Le désert se mettait maintenant à luire sous la clarté de la Première Lune montante. Le regard de Leto courait sur les ondes du sable qui, faussement immobiles, se perdaient à l’infini. Tout près de lui, sur la gauche, se dressait le Serviteur, un rocher façonné par les tourmentes de sable en une sorte de ver sombre dressé entre les dunes. Un jour viendrait où le plateau rocheux lui-même serait ainsi érodé, où le Sietch Tabr ne survivrait que dans la mémoire de certains hommes. Qui lui ressembleraient. Il ne doutait pas qu’il y aurait quelqu’un qui lui ressemblerait.
« Pourquoi regardes-tu le Serviteur ? » demanda Ghanima.
Il eut un haussement d’épaules. En dépit de l’interdiction qui en avait été signifiée à leurs gardes, ils allaient souvent jusqu’au Serviteur, avec Ghanima. Ils y avaient découvert une cachette, mais Leto comprenait en cette seconde pourquoi ce lieu exerçait un tel attrait sur eux.
Là-bas, rendu proche par l’obscurité, un segment de qanat brillait au clair de lune. Des rides sombres couraient à sa surface, créées par les poissons carnassiers que les Fremen élevaient toujours dans leurs réserves d’eau afin d’éloigner les truites des sables.
« Je suis entre le poisson et le ver », murmura Leto.
« Comment ? »
Il répéta sa phrase.
Ghanima porta la main à sa bouche, soudain envahie d’un soupçon à l’égard de ce qui hantait son frère.

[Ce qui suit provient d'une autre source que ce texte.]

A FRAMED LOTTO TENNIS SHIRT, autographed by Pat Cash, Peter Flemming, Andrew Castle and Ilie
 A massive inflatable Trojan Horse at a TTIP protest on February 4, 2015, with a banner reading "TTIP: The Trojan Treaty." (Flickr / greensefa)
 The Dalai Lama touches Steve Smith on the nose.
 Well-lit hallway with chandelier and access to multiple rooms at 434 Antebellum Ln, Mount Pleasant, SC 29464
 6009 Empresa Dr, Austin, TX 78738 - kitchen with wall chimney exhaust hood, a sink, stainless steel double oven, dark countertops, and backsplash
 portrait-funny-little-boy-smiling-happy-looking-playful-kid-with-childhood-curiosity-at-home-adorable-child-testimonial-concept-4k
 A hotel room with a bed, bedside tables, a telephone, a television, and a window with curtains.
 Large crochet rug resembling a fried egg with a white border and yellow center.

Leur père avait agi ainsi : elle ne pouvait que tenter de voir en lui et comparer.
Leto fut parcouru d’un frisson. Les souvenirs qui l’unissaient à des lieux que jamais sa chair n’avait connus lui soufflaient maintenant des réponses à des questions que jamais il n’avait posées. Un écran immense n’en finissait pas de se déployer en lui, révélant une infinité de relations, d’événements. Le ver des sables de Dune ne pouvait franchir l’eau qui, pour lui, était un poison mortel. Pourtant, il y avait eu de l’eau sur ce monde, en des temps préhistoriques. Des dépôts de gypse attestaient l’existence passée de lacs et d’océans. Des forages profonds avaient permis de découvrir de l’eau dans des puits que les truites des sables ne tardaient pas à combler. Aussi clairement que s’il avait été directement témoin des faits, Leto connaissait ce qui s’était passé sur ce monde et devinait ainsi les transformations cataclysmiques provoquées par l’intervention de l’homme.
Sa voix ne fut plus qu’un murmure.
« Ghanima, je sais ce qui est advenu. »
Elle se pencha : « Oui ? »
« La truite des sables…»
Il s’interrompit et elle se demanda alors pourquoi il ne cessait de faire référence au stade haploïde [3] En biologie, concerne les gamètes dont les chromosomes sont réduits à un seul élément de chaque paire après la «réduction chromatique», ou méiose, qui est en fait la division de la cellule germinale.
de l’existence du ver géant, mais elle s’interdit de l’interroger.
« Le ver des sables, reprenait-il, a été introduit sur Dune. Il est originaire d’un autre monde. En ce temps-là, Dune connaissait l’eau. Le ver a proliféré de telle façon que nul écosystème ne pouvait le freiner. La truite des sables a alors enkysté l’eau qui était disponible, elle a fait d’Arrakis un désert… Pour survivre, parce que seul un monde aride pouvait lui permettre d’accéder à la phase du ver. »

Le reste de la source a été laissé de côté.